Echolocation

In the early 18th century, the Italian naturalist Lazzaro Spallanzani was studying the sensing of bats. He found out that bats can orientate themselves in absolute darkness without their eyes, but that this is not possible without the help of their ears. But it was only later in the end of the 1930s that the US researcher Donald Griffin and some of his colleagues succeeded in making the calls of bats audible and revealing the bats' acoustic mode of orientation. Echolocation is found not only in bats but also in toothed whales, some cave-dwelling bird species and shrews. Put simply, in echolocation, the brain forms a picture of the environment by analysing echoes produced by self-produced sounds. In most bats, echolocation calls are produced in the larynx. Lips and skin appendages at the nose and mouth area serve as so-called acoustic lenses, which help to focus the calls more precisely, similar to a camera. Bats produce very different echolocation calls that vary in volume, length and pitch depending on the species and situation. Most of the time, these calls are so high-pitched that we, as humans, cannot hear them, which is why they are also called ultrasonic calls. The human hearing range extends from about 2 to 20 kHz. Bat calls are usually higher than 20 kHz and in exceptional cases can reach frequencies of up to 300 kHz. Echolocation calls are also subject to some physical limitations. High frequencies are very quickly attenuated in the air. This means that the higher the frequency used by the animals, the shorter the range of the corresponding call. However, the use of high frequencies also brings advantages. The higher the tone, the smaller structures the bats can acoustically detect. Thus, it is not possible for the animals to achieve a large range with their calls at the same time as high resolution. This problem is solved by the animals in a very flexible way. Most bats can change the calls they emit to adapt them flexibly to the respective environment and situation. In habitats with dense vegetation, such as forests, high-frequency calls are advantageous, because here a precise resolution ensures that obstacles can be avoided and prey can still be detected against the background of the vegetation.

Basically, two types of echolocation calls can be distinguished: Constant-frequency calls and frequency-modulated calls. The latter start at very high frequencies and then pass through a frequency band of lower frequencies. This frequency band can be more or less steep and the modulation of frequencies often occurs in a very short time (2-5 ms). So-called simple-nosed bats (vesper bats), which include most bat species found in Germany, can produce echolocation calls in particularly wide frequency bands. By increasing the bandwidth of the calls, the bats increase the information content of the echo. Especially the distance to an object or a prey insect can be estimated very well this way. Very broadband calls therefore occur mainly in bats that hunt in dense vegetation, such as the native Bechstein's or Natterer's bats (Myotis bechsteinii; Myotis nattereri).

As a mixed type of these two calls, another call type can be distinguished: the quasi-constant-frequency call. Such calls begin with a small frequency-modulated section that can vary greatly from call to call, even in individual animals. The information that can be obtained with this call is not aimed at the exact localisation of an object, but at the detection of objects in a large range. Therefore, this call type is mostly used by bat species that hunt in open areas and fly very fast, such as common noctules (Nyctalus noctula). Then, as soon as an object is detected, the bats switch to frequency-modulated echolocation, which provides more information about the exact location, size or shape of an object.

Fruit bats are the only group within bats that have not evolved echolocation, in which calls are produced via the larynx. However, some fruit bats (of the genus Rousettus) produce echolocation calls via rapid tongue clicks. Therefore, it is possible for these flying foxes to fly in caves where there is total darkness. Flying foxes that cannot echolocate, on the other hand, can only use entrance areas of caves  where sufficient daylight makes visual orientation possible.

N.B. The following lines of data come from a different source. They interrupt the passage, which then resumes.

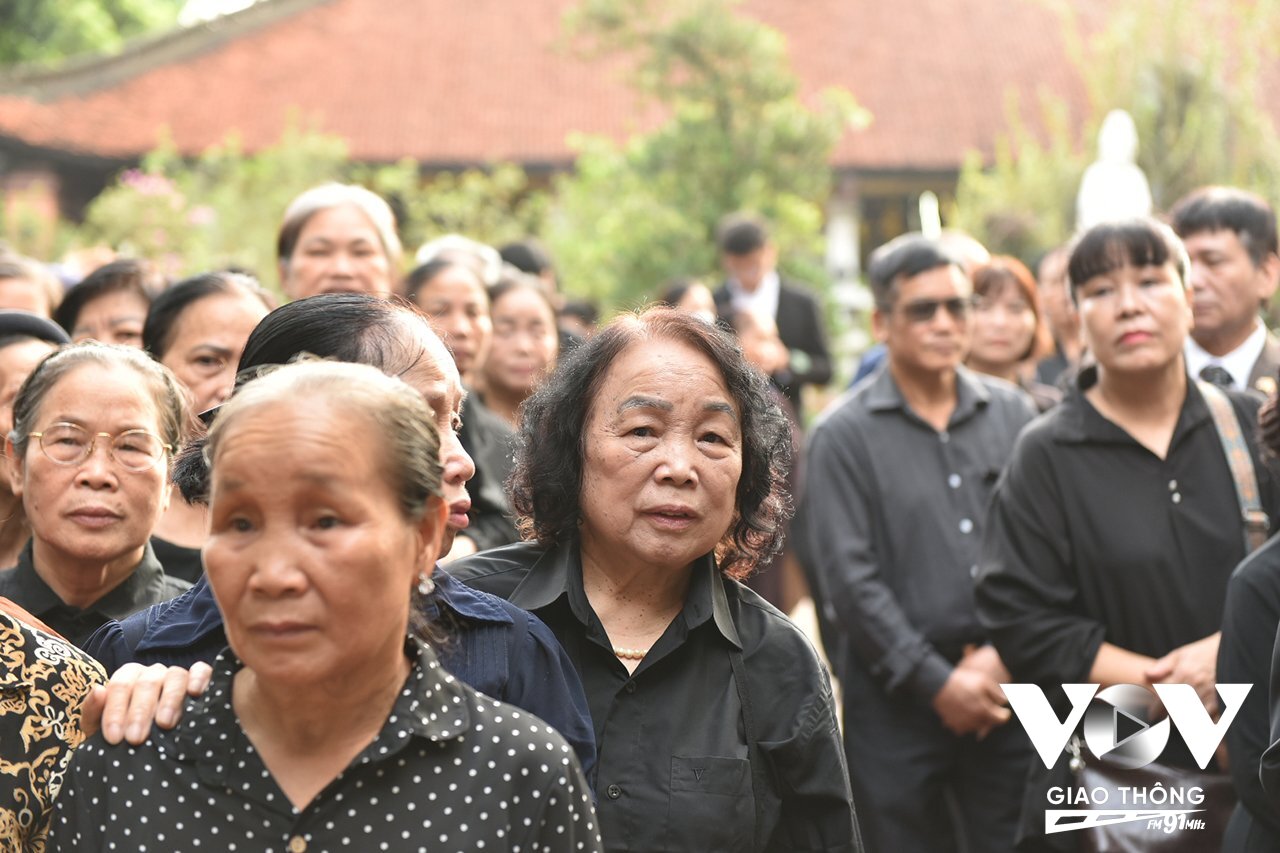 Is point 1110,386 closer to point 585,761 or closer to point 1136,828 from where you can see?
point 1136,828

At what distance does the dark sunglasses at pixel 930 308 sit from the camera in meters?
6.30

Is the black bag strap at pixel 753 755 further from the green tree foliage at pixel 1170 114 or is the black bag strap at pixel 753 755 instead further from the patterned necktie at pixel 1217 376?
the green tree foliage at pixel 1170 114

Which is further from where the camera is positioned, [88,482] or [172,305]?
[172,305]

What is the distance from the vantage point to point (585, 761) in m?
2.96

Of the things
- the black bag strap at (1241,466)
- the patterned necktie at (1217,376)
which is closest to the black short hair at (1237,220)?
the patterned necktie at (1217,376)

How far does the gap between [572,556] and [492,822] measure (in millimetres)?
1284

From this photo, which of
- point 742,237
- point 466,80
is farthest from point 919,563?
point 466,80

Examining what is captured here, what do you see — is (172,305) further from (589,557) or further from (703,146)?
(703,146)

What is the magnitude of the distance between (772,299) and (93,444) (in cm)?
749

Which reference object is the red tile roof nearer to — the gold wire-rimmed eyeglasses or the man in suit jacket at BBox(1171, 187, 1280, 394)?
the man in suit jacket at BBox(1171, 187, 1280, 394)

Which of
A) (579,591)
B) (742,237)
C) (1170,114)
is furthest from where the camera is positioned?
(1170,114)

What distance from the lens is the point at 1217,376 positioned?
5984 mm

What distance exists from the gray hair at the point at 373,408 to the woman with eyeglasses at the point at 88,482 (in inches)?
55.0

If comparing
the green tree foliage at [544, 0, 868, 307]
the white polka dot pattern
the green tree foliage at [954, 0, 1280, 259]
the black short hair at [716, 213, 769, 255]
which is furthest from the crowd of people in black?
the green tree foliage at [954, 0, 1280, 259] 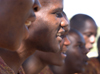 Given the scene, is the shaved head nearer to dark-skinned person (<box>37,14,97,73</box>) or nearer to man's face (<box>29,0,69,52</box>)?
dark-skinned person (<box>37,14,97,73</box>)

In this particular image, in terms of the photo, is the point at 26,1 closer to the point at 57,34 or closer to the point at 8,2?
the point at 8,2

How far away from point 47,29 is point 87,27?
8.51 feet

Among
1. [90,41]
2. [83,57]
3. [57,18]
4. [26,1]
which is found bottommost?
[90,41]

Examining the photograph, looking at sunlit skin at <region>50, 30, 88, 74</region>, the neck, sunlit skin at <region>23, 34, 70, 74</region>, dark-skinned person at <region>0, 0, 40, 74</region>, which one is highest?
dark-skinned person at <region>0, 0, 40, 74</region>

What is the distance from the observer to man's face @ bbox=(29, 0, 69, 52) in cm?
223

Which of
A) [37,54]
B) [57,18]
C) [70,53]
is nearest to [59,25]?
[57,18]

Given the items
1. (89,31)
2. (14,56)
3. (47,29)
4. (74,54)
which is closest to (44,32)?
(47,29)

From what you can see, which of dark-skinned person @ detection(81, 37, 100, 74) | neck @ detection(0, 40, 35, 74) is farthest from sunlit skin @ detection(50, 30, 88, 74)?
neck @ detection(0, 40, 35, 74)

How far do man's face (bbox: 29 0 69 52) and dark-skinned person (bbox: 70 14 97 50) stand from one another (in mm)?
Answer: 2463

When listening to echolocation calls with the Batdetector, we distinguish between "wet" and "dry" calls depending on the auditory impression. It is one of the most important distinguishing features for species recognition with the Batdetector.
Pure frequency-modulated calls produce a "dry" auditory impression because the bats call so quickly from top to bottom (i.e. from high to low frequencies) that our ear does not manage to recognise the calls "translated" into our auditory range with the Batdetector as sounds. It simply happens too fast for us. Therefore, these calls have no sound quality for us. These calls are called "dry".
In the case of so-called quasi-constant-frequency calls, the calls are lowered quickly at the beginning but change only very slowly at the end, which is why these calls are almost constant-frequency at the end. The auditory impression is reminiscent of a splash or drops of water falling on a water surface, which is why we speak of "wet" calls here.

When a sound source moves towards us or we move towards the sound source, the frequency of the perceived sound shifts to a higher range than when the sound source moves away from us or we move away from it. This means that we hear a higher tone when the sound source is approaching us (compare approaching ambulance).